Those are some of the howlers. I can assure you that more pedestrian errors also abound. Every time the book wanders into areas that I know something about, I find plenty to distrust. That doesn't build trust for me in areas where I need greater guidance.
It is clear that the authors are quick to opine about topics on which they are largely ignorant. They damn UNIX with faint praise and not-so-faint innuendo. They devote just one paragraph to the C Standard (p. 140), half of which is negative. Ironically, that paragraph acknowledges that Standard C is the only standardized programming language with support for the things the book discusses at length. Yet the authors apparently saw no need to present, or even understand, what Standard C has to offer.

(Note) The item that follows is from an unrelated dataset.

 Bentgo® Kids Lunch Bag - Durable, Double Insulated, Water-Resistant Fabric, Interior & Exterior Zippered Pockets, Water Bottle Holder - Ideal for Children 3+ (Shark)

Much of the support in Standard C for internationalization is instead attributed, rather vaguely, to UNIX. In some cases, the implication is strong that only Hewlett-Packard's HP-UX really does the job right. The "routines" listed on p. 183 are an undistinguished mishmash of POSIX utilities, Standard C functions, and HP-UX function collections all too vaguely described to be useful. The next page begins with the multibyte functions from Standard C, two of which are misspelled. And so on, and so on.

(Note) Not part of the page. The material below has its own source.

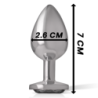 Anal Plug Metaal Aluminium met Zwarte Kristal Maat S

An even greater irony emerged when I went back to study Part 2 at greater length. The authors refer repeatedly to functions provided by Microsoft and others to internationalize DOS and Windows. If they ever mention that these functions are designed to be called from a C program, I couldn't find where. Instead, the text implicitly and repeatedly takes for granted that you will be writing your application in C. Not a bad role for a language that lacks the expressiveness of Pascal.
I'll stop before I get really nasty. You might want to buy this book if you're desperate for an overview of internationalization issues. It does touch most of the bases. On the other hand, you can't depend on it to give you a very accurate picture of any of the details. At least not if the sampler of errors I found is at all representative. I suspect it is.
Title: Software Internationalization and Localization: an Introduction
Author: Emmanuel Uren, Robert Howard, and Tiziana Perinotti
Publisher: Van Nostrand, Reinhold, 1993.
ISBN: 0-442-01498-8
Price: $38.95